• **Supplied material**

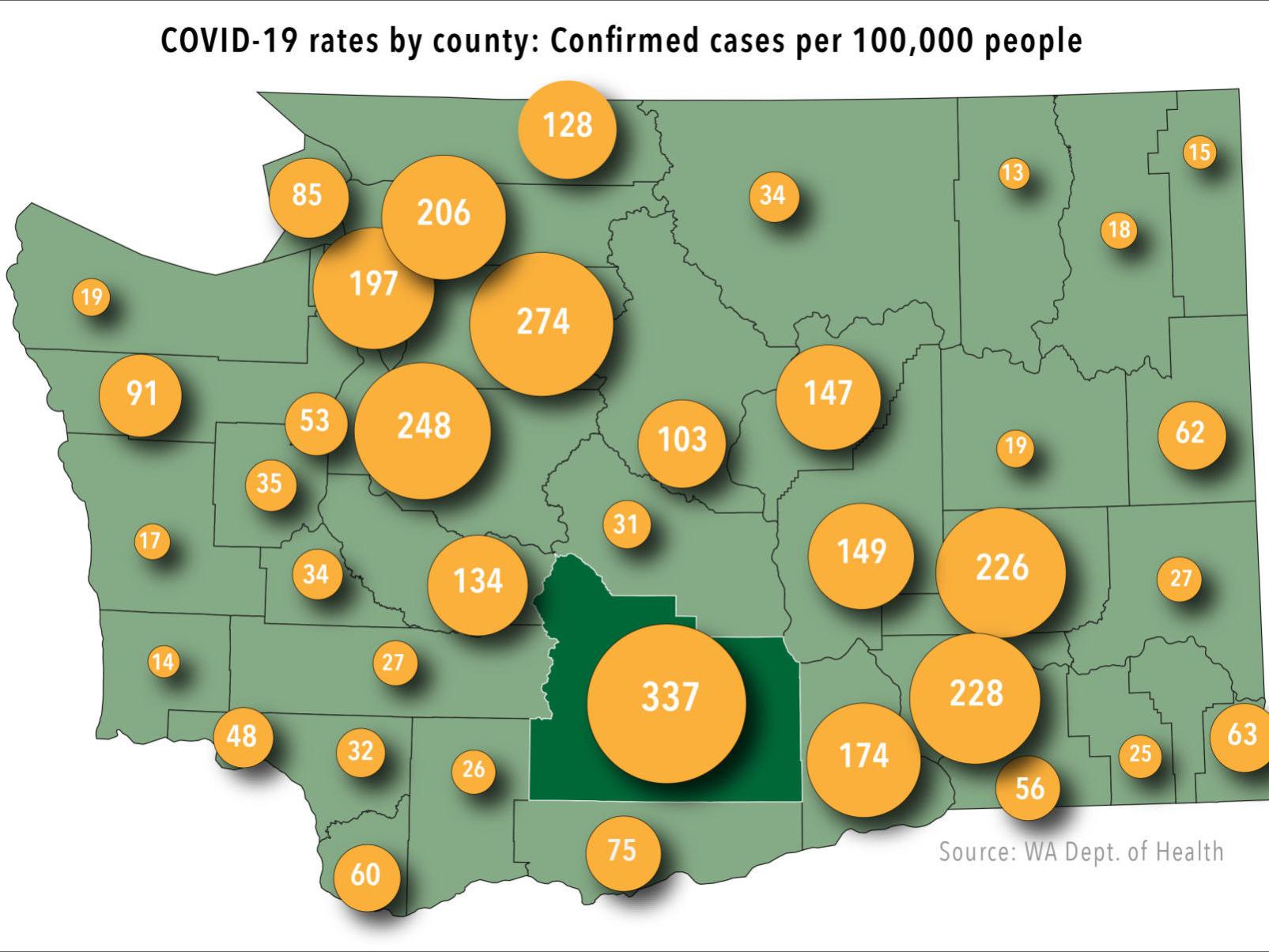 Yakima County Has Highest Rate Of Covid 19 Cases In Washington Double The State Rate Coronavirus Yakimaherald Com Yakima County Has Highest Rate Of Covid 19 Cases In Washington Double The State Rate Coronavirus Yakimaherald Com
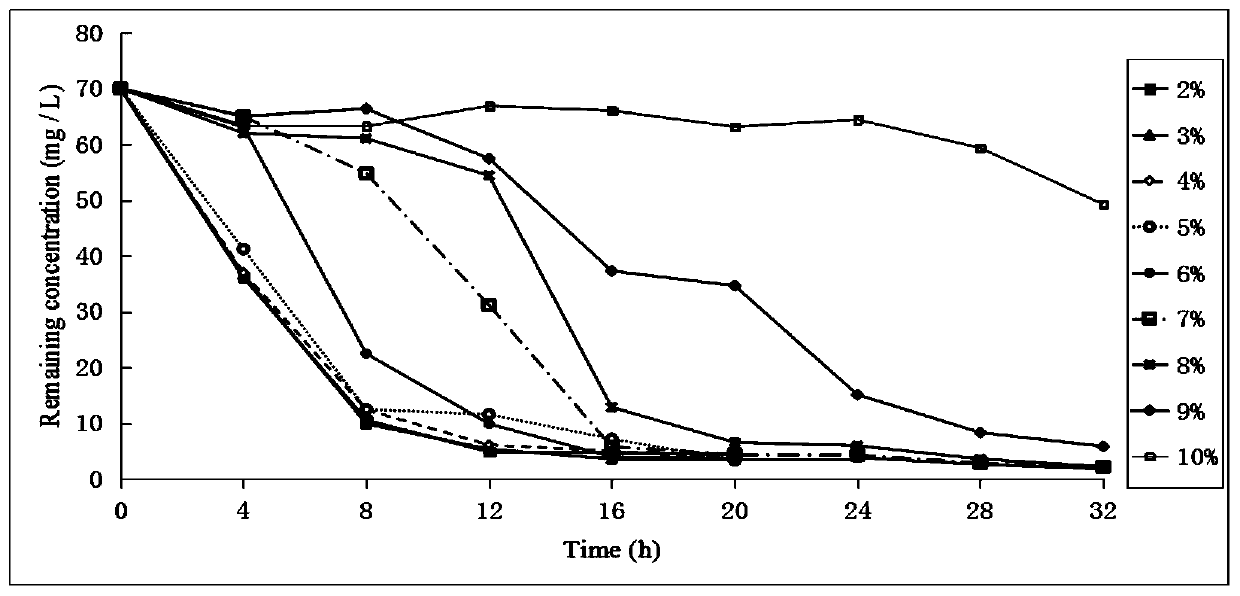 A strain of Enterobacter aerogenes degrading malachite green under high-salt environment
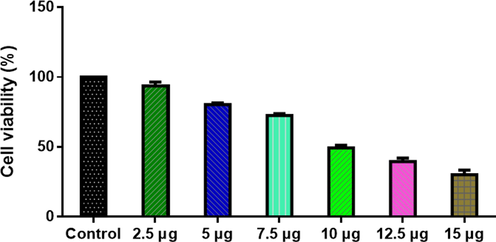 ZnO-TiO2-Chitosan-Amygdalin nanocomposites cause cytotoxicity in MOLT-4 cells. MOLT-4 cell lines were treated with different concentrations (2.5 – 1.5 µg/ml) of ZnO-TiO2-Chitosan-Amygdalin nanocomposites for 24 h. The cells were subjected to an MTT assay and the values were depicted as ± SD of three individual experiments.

--

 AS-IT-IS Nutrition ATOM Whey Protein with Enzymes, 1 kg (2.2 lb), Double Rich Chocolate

• **What you will do**
What lines above run from the one with "Yakimaherald Com Yakima" to the one with "A strain of"? Give them again exactly, ends included, and leave the pictures out.

• **Reply to the task**
 Yakima County Has Highest Rate Of Covid 19 Cases In Washington Double The State Rate Coronavirus Yakimaherald Com Yakima County Has Highest Rate Of Covid 19 Cases In Washington Double The State Rate Coronavirus Yakimaherald Com
 A strain of Enterobacter aerogenes degrading malachite green under high-salt environment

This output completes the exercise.